DNA-Test entlastet Delinquenten Aus aller Welt

von Redaktion OnetzProfil

Charlotte. (dpa) Nach 30 Jahren Gefängnis hat ein DNA-Test zwei geistig behinderten Halbbrüdern in den USA zur Freiheit verholfen. Wie die Anwälte der beiden 50 und 46 Jahre alten Männer mitteilten, wurde einer am Mittwoch, der andere im Laufe des Tages aus dem Gefängnis in North Carolina entlassen. Henry McCollum und Leon Brown waren 1983 zu Todesstrafen verurteilt worden, weil sie ein elfjähriges Mädchen vergewaltigt und getötet haben sollten. Eine der Strafen wurde in lebenslängliche Haft umgewandelt. McCollum und Brown hatten seinerzeit Geständnisse abgelegt, diese später aber widerrufen. Eine analysierte Zigarette vom Mord-Tatort entlastet die beiden nun. Die Spuren belasten einen Mann, der bereits wegen Mordes in Haft sitzt.
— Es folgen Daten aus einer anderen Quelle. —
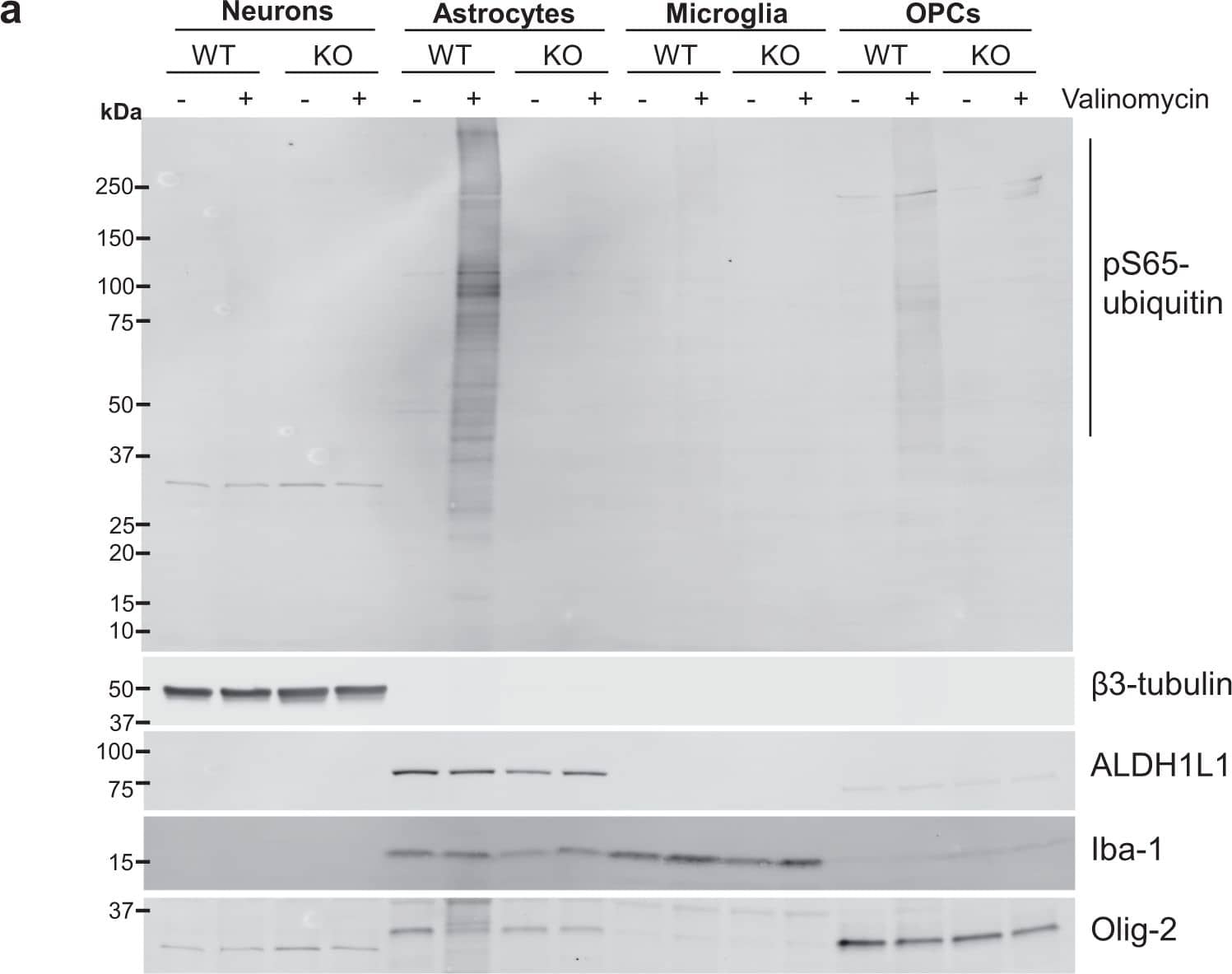 Western analysis of cell lysates.a Western analysis of primary neurons, astrocytes, microglia, and OPCs derived from WT and PINK1 KO rats. Cultured cells were treated with 100 nM valinomycin or DMSO control for 4 h at 37 C, then harvested for western analysis. Ten micrograms of cell lysate protein was loaded in each lane, resolved by SDS-PAGE, transferred to PVDF membrane, and blotted using anti-pS65-Ub antibody. The same membrane was re-probed using the antibodies indicated on the lower panels as markers for neurons ( beta 3-tubulin), astrocytes (ALDH1L1), microglia (Iba-1), and OPCs (Olig-2). b Mean +/− SEM pS65-Ub level measured by densitometry of western blot membranes from four independent experiments. (Four asterisks (****) indicate significantly different from all other groups by ANOVA followed by Tukey’s multiple comparisons test p < 0.001; hash (#) indicates significantly different from all other groups except valinomycin-treated WT and KO neurons and microglia, as well as DMSO-treated WT astrocytes p < 0.05). c Mean +/− SEM total ubiquitin levels from the same four membranes. d Mean +/− SEM pS65-Ub level normalized to the total ubiquitin level in each lane (Four asterisks (****) indicate significantly different from all other groups p < 0.0001; asterisk (*) indicates p < 0.05). Image collected and cropped by CiteAb from the following open publication (//pubmed.ncbi.nlm.nih.gov/31840043), licensed under a CC-BY license. Not internally tested by Novus Biologicals.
Japan will wieder Wale fangen

Tokio.(dpa) Japan will 2015 die Jagd auf Wale in der Antarktis wiederaufnehmen. Das geplante neue Forschungsprogramm sehe aber nur die Jagd auf Zwergwale vor, sagte ein Sprecher des Fischereiministeriums in Tokio am Mittwoch. Finn- und Buckelwale wurden von der Abschussliste gestrichen, nachdem der Internationale Gerichtshof in Den Haag Ende März entschieden hatte, dass Japan seinen Walfang im Südpolarmeer einstellen muss.

Japan will den Walfang wieder aufnehmen. Bild: dpa
Das bisherige Forschungsprogramm habe keinem wissenschaftlichen Zweck gedient. Dies zwang Japan, die Jagd für 2014 einzustellen. Die neue Planung soll nun wissenschaftlicher gestaltet werden.

Blitzschlag tötete Zirkustiere

Wald-Michelbach.(dpa) Ein Blitzschlag soll Ursache für den mysteriösen Tod von 19 Zirkustieren im hessischen Wald-Michelbach sein. "Das ist am allerwahrscheinlichsten", sagte der Vize-Landrat des Kreises Bergstraße, Matthias Schimpf (Grüne), am Mittwoch. Alle Tiere seien im Landeslabor untersucht worden. Die zehn Hunde und neun Pferde waren in der Nacht zum Sonntag tot entdeckt worden. Die Polizei vermutete bereits, dass sie vom Blitz erschlagen wurden.

Schmerzensgeld für Ex-Azubi bei Aldi

Freiburg/Offenburg.(dpa) Der Discounter Aldi Süd muss einem ehemaligen Auszubildenden, der von Mitarbeitern misshandelt wurde, Schmerzensgeld zahlen. Das entschied das Arbeitsgericht Freiburg. Der Mann solle 500 Euro erhalten. Es sei unstrittig, dass im Juni 2012 mehrere Aldi-Azubis in einem Lager in Mahlberg mit Frischhaltefolie an Pfosten gefesselt und von Mitarbeitern im Gesicht mit Stiften beschmiert wurden. Mindestens einer der Täter war nachweislich ein Vorgesetzter. Deshalb müsse der Arbeitgeber haften.